= Gertrud Kantorowicz =

German art historian, poet and translator

Gertrud Kantorowicz (9 October 1876 — 19 or 20 April 1945) was a German art historian, poet and translator.

==Life==
Gertrud Kantorowicz was born 1876 in Poznań. She studied at the University of Berlin, the LMU Munich, and the University of Zurich, where she received her doctorate in art history in 1903, supervised by Johann Rudolf Rahn, becoming one of the first women in Germany to obtain a humanities PhD. She met Stefan George in 1898, becoming the only woman to publish in his literary magazine Blätter für die Kunst ("Journal for the Arts"), and staying in close touch until 1914. Kantorowicz also became a disciple and assistant to Georg Simmel, and his secret lover. In 1907 she bore Simmel a daughter, a fact hidden until after Simmel's death in 1918. Before the First World War she published a study on 15th century Sienese art, and a German translation of Henri Bergson's Creative Evolution.

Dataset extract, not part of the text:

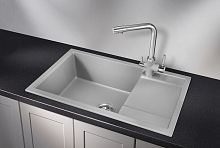7805, АЛЮМИНИУМ, кухонная мойка, кварц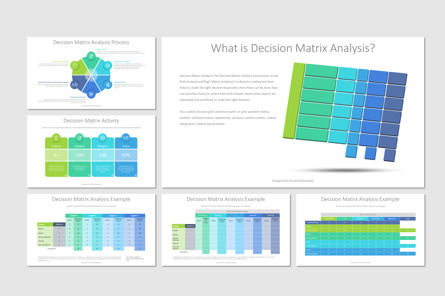 Decision Matrix Analysis Template, Gratis Google Presentaties-thema, 09988, Businessmodellen — PoweredTemplate.com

In the mid-1920s she re-established contact with George. However, her work on the conceptual foundations of classical Greek art was only published posthumously. Although she was in England in 1938, she chose to return to Germany during the Czechoslovak crisis. After the outbreak of war, she managed to arrange a post at Skidmore College in the United States, but could not manage to leave Germany legally. Along with her aunt, the mother of Ernst Kantorowicz, she unsuccessfully tried to flee by crossing the border to Switzerland near Bregenz, was apprehended and sent to the Theresienstadt concentration camp. She died there in April 1945.

==Works==
- (ed.) Fragmente und Aufsätze: aus dem Nachlass und Veröffentlichungen der letzten Jahre [Fragments and essays: from notebooks and publications of recent years] by Georg Simmel
- Vom Wesen der griechischen Kunst [On the nature of Greek art], 1961. Translated into English by J. L. Benson as The inner nature of Greek art, 1992
- Lyrik: kritische Ausgabe [Lyrics: critical edition], ed. Philipp Redl, 2010.